Alors que la cause est juste et que le problème est réel, la solution proposée est de la plus haute maladresse : recourir au hasard pour désigner un vainqueur va à l’encontre de la mauvaise réputation du hasard. Si, entre trois ou quatre candidats acceptables on tirait au sort l’un d’entre eux, rien ne garantit que ce soit le plus compétent, le plus expérimenté, le plus engagé. Celui-là risque d’être éliminé injustement au bénéfice d’un second choix. Alors que dans le système actuel il faut être le suppôt d’un parti, dans celui proposé il faut avoir de la chance. On supprime un marchandage financier pour le remplacer par une roulette. Dans l’un comme dans l’autre système, on ne vise pas le meilleur.

Or c’est bien le seul, objectif que l’on devrait souhaiter. Dès lors qu’on le fasse! Puisqu’une commission décide, selon l’initiative, des admissions au tirage au sort, pourquoi ne va-t-elle pas jusqu’au bout de la démarche en désignant le meilleur ? On suppose bien entendu que cette commission, nommée pour 12 ans par le Conseil fédéral soit essentiellement composée de juristes expérimentés, (politiciens exclus) capables d’apprécier les mérites relatifs des candidats et d’en décider à la majorité.

C’est pareil au système de nomination académique où un futur professeur est choisi sur la seule base de ses compétences par une commission composée, elle aussi, des gens les plus compétents., ses pairs. En principe du moins, on ne nomme pas (ou plus) un professeur parce qu’il est du canton ou parce qu’il est Suisse plutôt qu’étranger. On ne vise pas une répartition du corps professoral entre la gauche et la droite, ni entre protestants, catholiques, francs-maçons, agnostiques, juifs et musulmans. On ne tient pas compte de ces caractéristiques subalternes qui sont tout simplement ignorées.

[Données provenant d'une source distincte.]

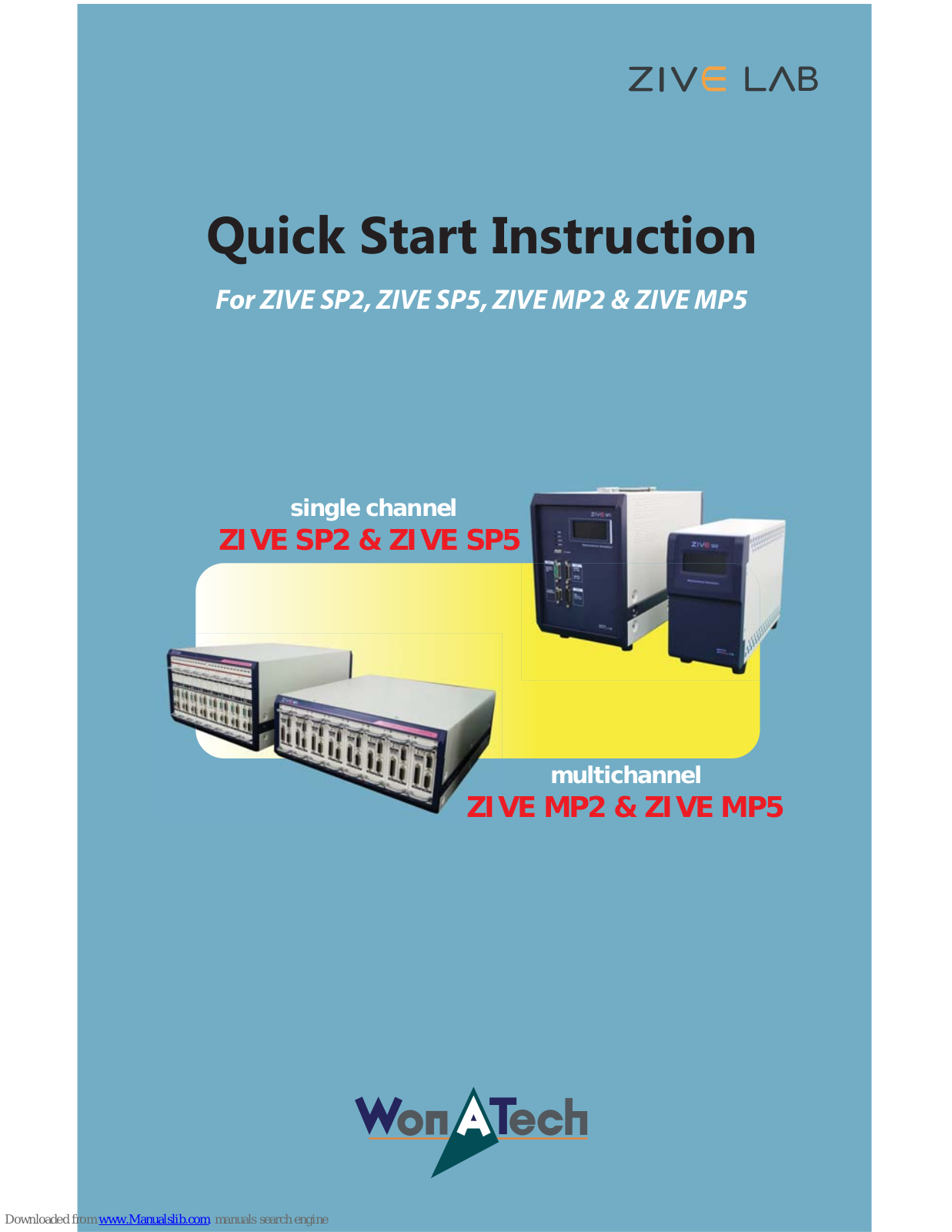 WonATech ZIVE SP2, ZIVE SP5, ZIVE MP5, ZIVE MP2 Quick Start Instruction - ManualMachine.com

C’est tellement simple et évident qu’il faille s’aveugler pour ne pas voir que c’est la seule façon de recruter les plus compétents. Or le parlement n’a pas rédigé un contreprojet en ce sens. Pourquoi ?

Parce que dans cette affaire le parlement est juge et partie : chaque parti a intérêt à maintenir le système en place puisque celui-ci lui garantit un revenu assuré pour ses finances. On l’a bien vu lors du vote : au Conseil national 191 non et un seul oui ; au Conseil des Etats 0 oui. Cette exceptionnelle unanimité est très suspecte. Pourquoi tous les partis seraient-ils pour une fois d’accord, si ce n’est parce que leurs intérêts les plus bas concordent ?

On ne peut ni cautionner le système actuel, ni accepter celui de l’initiative. On n’a pas à choisir entre la peste et le choléra. On refuse donc de se prononcer. S’il y avait un tsunami de votes blancs, le Parlement serait bien obligé de revenir sur sa véritable décision, celle de me rien changer parce que c’est son intérêt, à lui, pas celui de la Justice.